- [Short descriptive text snippets]

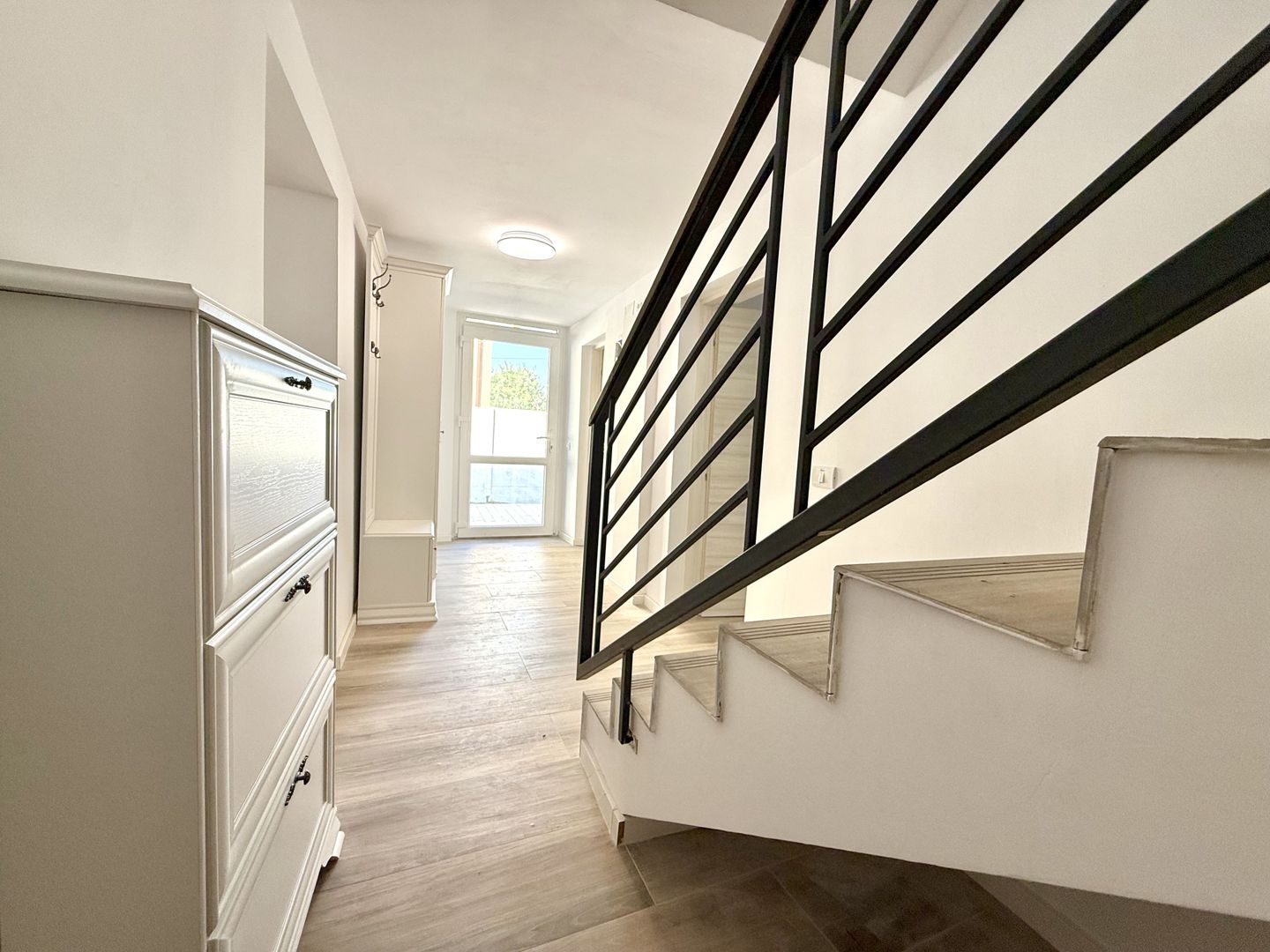 Casă premium de închiriat – Dumbrăvița - zona centrală - Poză 16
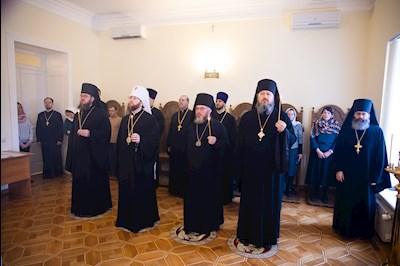 Архиереи Саратовской митрополии почтили память архиепископа Пимена и всех саратовских архиереев
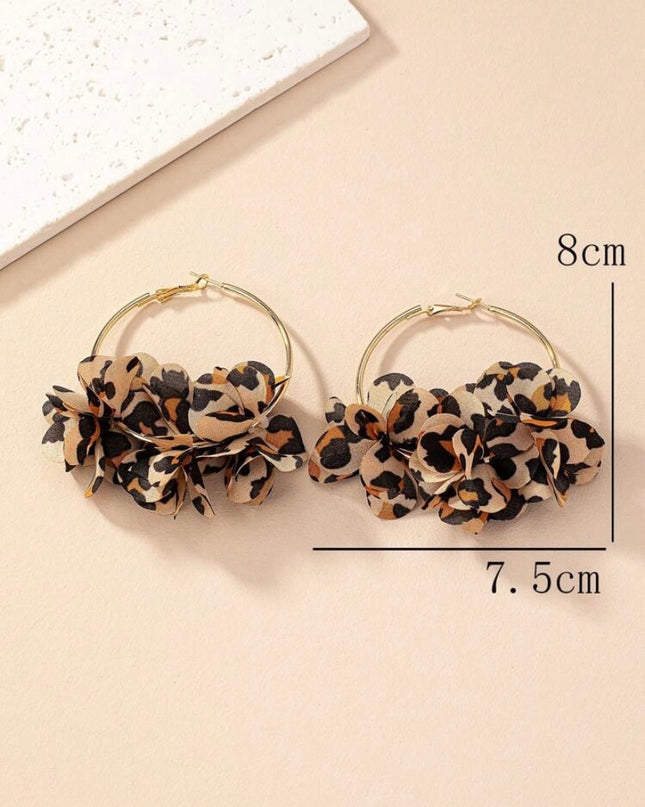 Aretes de Aro Flor de Tela Estampado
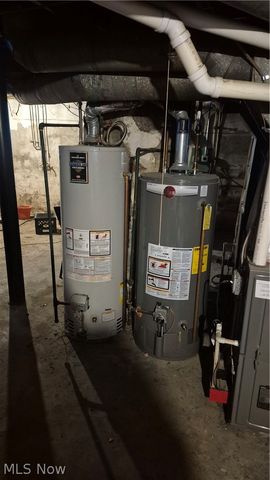 10704 Woodland Avenue, Cleveland, OH 44104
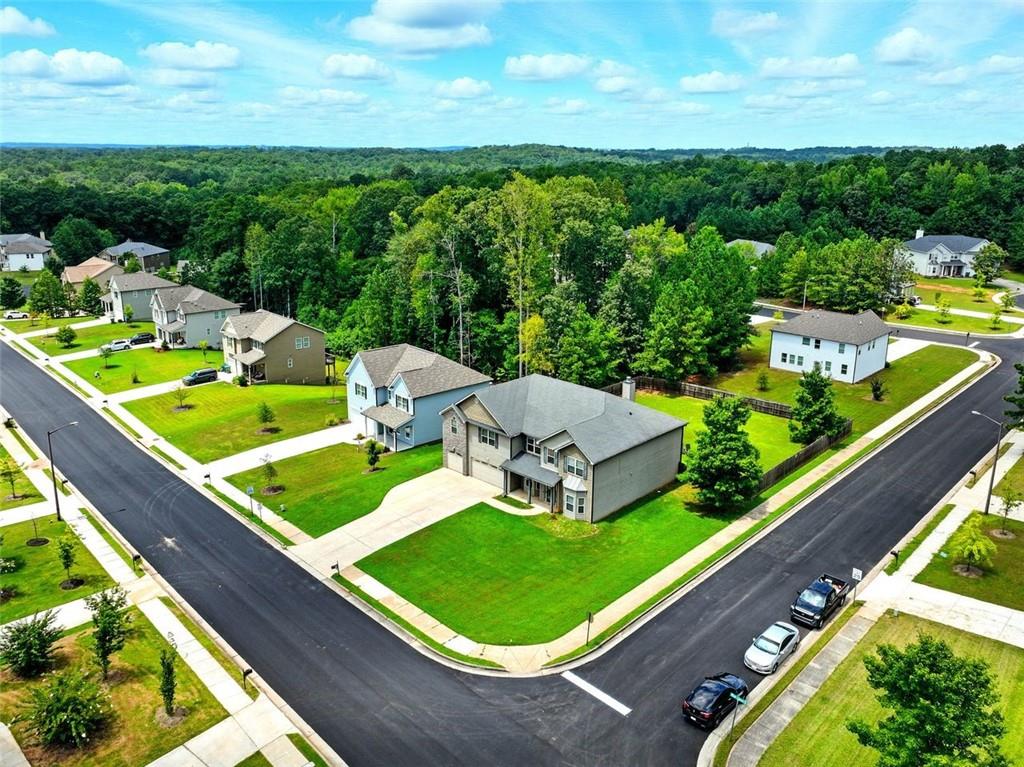 Atlanta, Georgia, 30331, United States, 5 Bedrooms Bedrooms, ,4 BathroomsBathrooms,Residential,For Sale,1933475
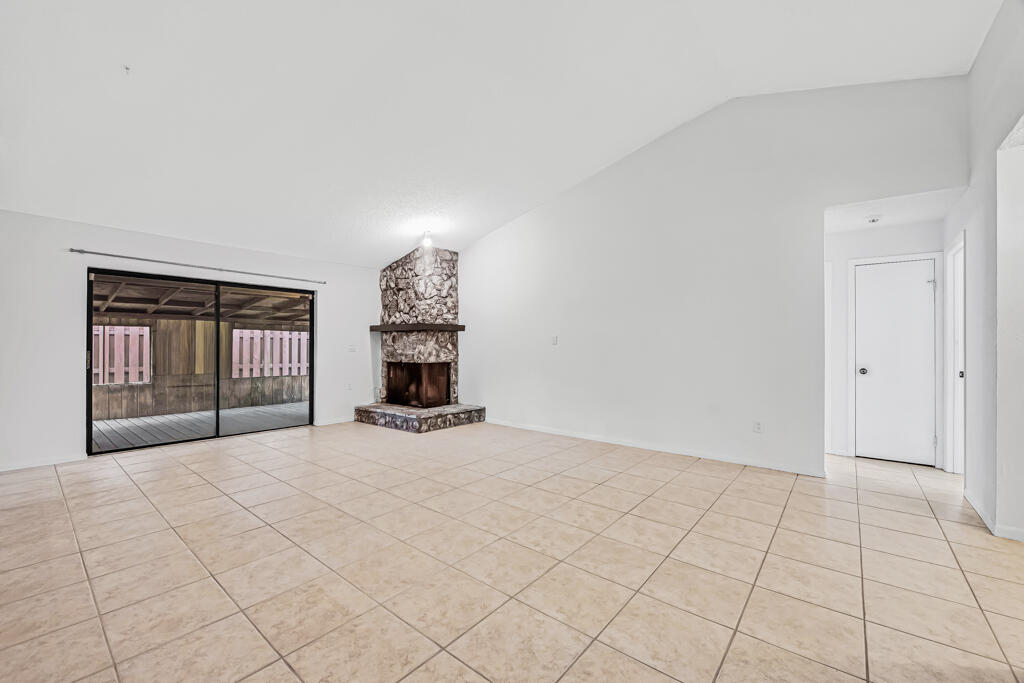 7828 ROBLE Lane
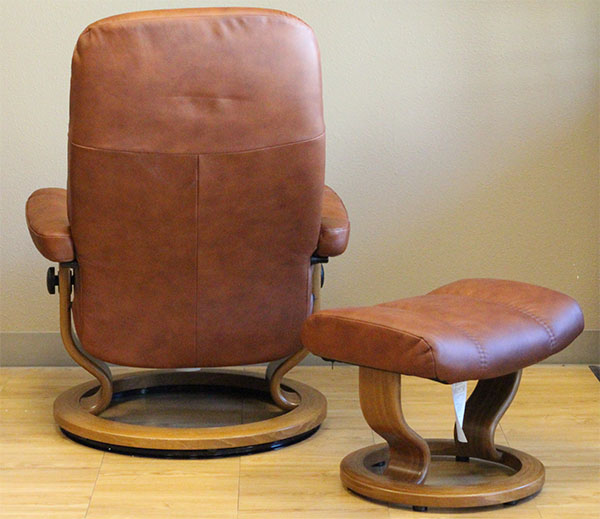 Stressless Diplomat Small Consul Batick Caramel Leather Recliner by Ekornes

- [TASK INSTRUCTIONS]
Give back each of the records above word for word, apart from the pictures.

- [SOLVED PROBLEM]
 Casă premium de închiriat – Dumbrăvița - zona centrală - Poză 16
 Архиереи Саратовской митрополии почтили память архиепископа Пимена и всех саратовских архиереев
 Aretes de Aro Flor de Tela Estampado
 10704 Woodland Avenue, Cleveland, OH 44104
 Atlanta, Georgia, 30331, United States, 5 Bedrooms Bedrooms, ,4 BathroomsBathrooms,Residential,For Sale,1933475
 7828 ROBLE Lane
 Stressless Diplomat Small Consul Batick Caramel Leather Recliner by Ekornes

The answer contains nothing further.